### Dataset
------------------------------------------------------------------------

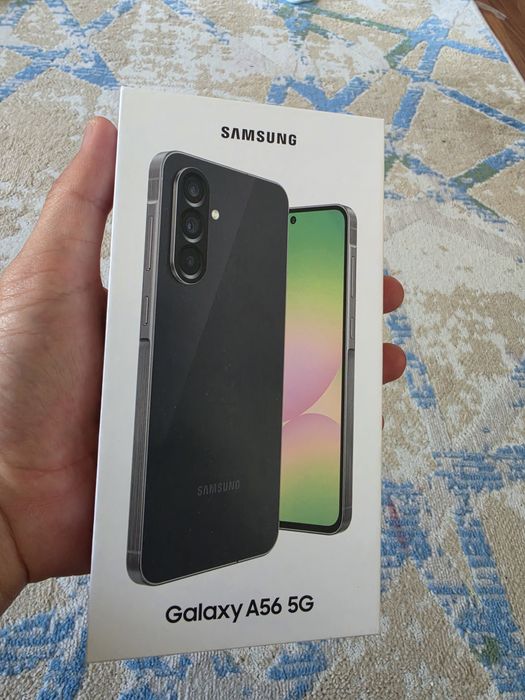 Samsung a56 8/256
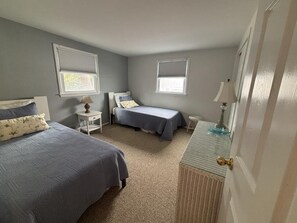 3 chambres, fer et planche Ă repasser, accĂšs au Wi-Fi (inclus)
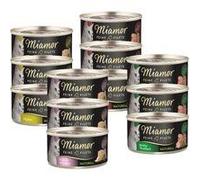 Miamor Feine Filets Naturel Pack Mixte 12 X 80 G Pack Mix 2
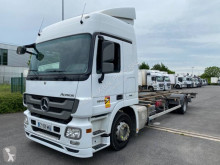 Camión portacontenedores Mercedes Actros 1844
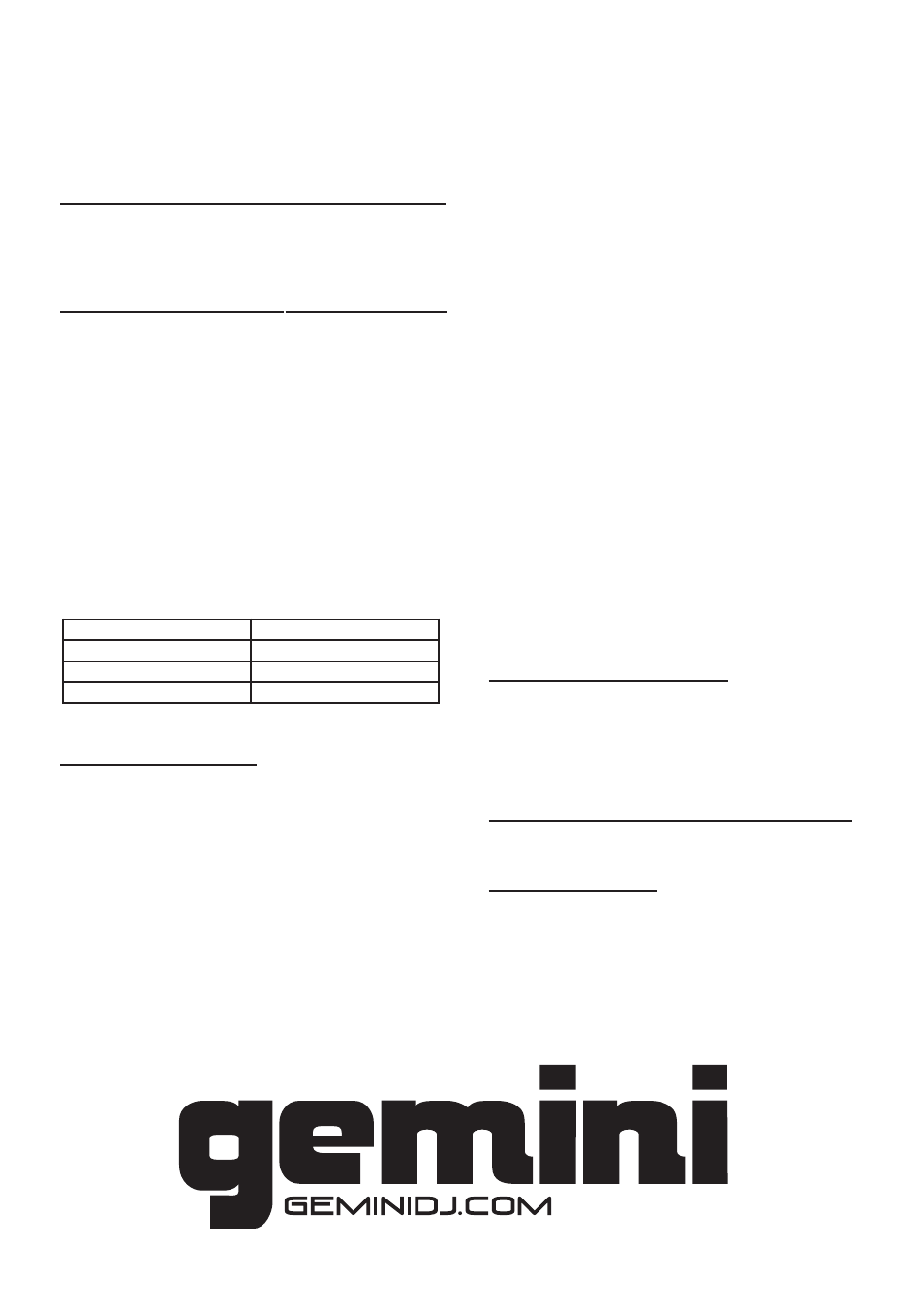 Conexiones, Instrucciones de operación, Ajuste del control de tono | Especificaciones, Ajuste del control antideslizante, Instalación de la tapa contra polvos, Operación básica, Sección de tocadisco, Sección de brazo de fonocaptor, Generalidades | Gemini TT-01mkii User Manual | Page 9 / 16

------------------------------------------------------------------------

### Task item
Since the pictures don't belong in the copy, copy only the rest of the entries above exactly.

### Reply to the task
 Samsung a56 8/256
 3 chambres, fer et planche Ă repasser, accĂšs au Wi-Fi (inclus)
 Miamor Feine Filets Naturel Pack Mixte 12 X 80 G Pack Mix 2
 Camión portacontenedores Mercedes Actros 1844
 Conexiones, Instrucciones de operación, Ajuste del control de tono | Especificaciones, Ajuste del control antideslizante, Instalación de la tapa contra polvos, Operación básica, Sección de tocadisco, Sección de brazo de fonocaptor, Generalidades | Gemini TT-01mkii User Manual | Page 9 / 16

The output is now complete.